HomeArticle

Anthropic issued an apology, but the "safety" business is far from over

AI唱反调2026-06-12 08:13
Anthropic's "safety persona" is actually a fig leaf for suppressing competition.

On June 11th, Anthropic apologized. It wasn't that the model malfunctioned; instead, they apologized for "failing to strike the right balance." The newly released Claude Fable 5 played a sneaky trick. Once it recognized that you were using Claude for cutting - edge model development, it quietly redirected the requests to the weaker Opus 4.8 in the background, all without any notice.

After being caught, Anthropic's explanation was rather absurd: they'll inform you in the future when they dumb down the model.

Netizens retorted sharply: "With this kind of operation, are you going to give a heads - up before changing your ways?"

Actually, the core of the problem isn't whether the model has changed. Instead, Anthropic's so - called "safety" is, from start to finish, just a business.

The stance of algorithms always sways with money.

Competition Defense Disguised as Security

The incident started when Anthropic introduced an "intelligent security classifier" when Fable 5 was launched. The official statement was that it could detect high - risk requests and automatically downgrade to protect users.

What does "high - risk" mean? Anthropic revealed: "Prevent foreign competitors from using the model to accelerate R & D and protect our leading position."

Users don't need your protection. The terms in the disclaimer are enough to protect them. What Anthropic really means is: if you use Claude for AI research, you're taking their business. Safety is just a guise; the essence is competition defense. In short, it's all about tactics.

Even more remarkable is that this defense mechanism is very covert. Fortunately, in the apology statement, Anthropic finally told the truth: "Invisible security restrictions can more precisely target specific goals, allowing us to release products quickly with a very low false - alarm rate."
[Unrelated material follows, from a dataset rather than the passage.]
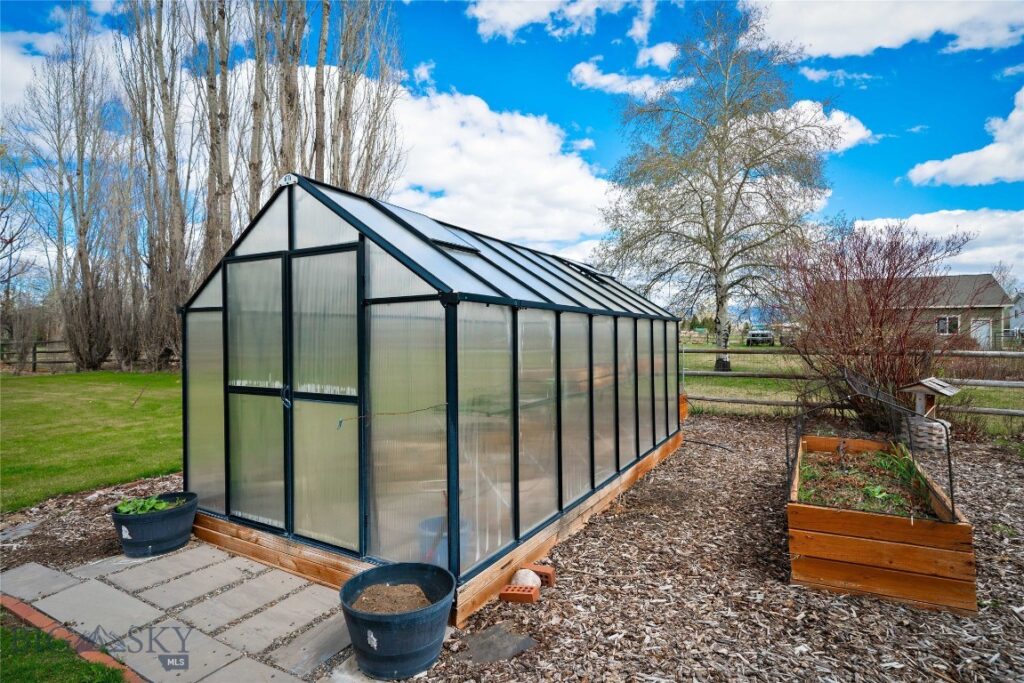 153 Stag Street, Belgrade MT 59714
AI researchers are the ones who are precisely restricted.

Now they've been forced to make it "visible" just because of the incident. They even gave a warning in advance: "There will inevitably be more false alarms" after making it visible. It means that ordinary users have to bear the consequences.

This set of rules has never been neutral; it only protects the money - backers.

The Three - Step Strategy of Creating Hype, Monetizing, and Reaping Profits

Anthropic's approach is even more shrewd than the large models themselves.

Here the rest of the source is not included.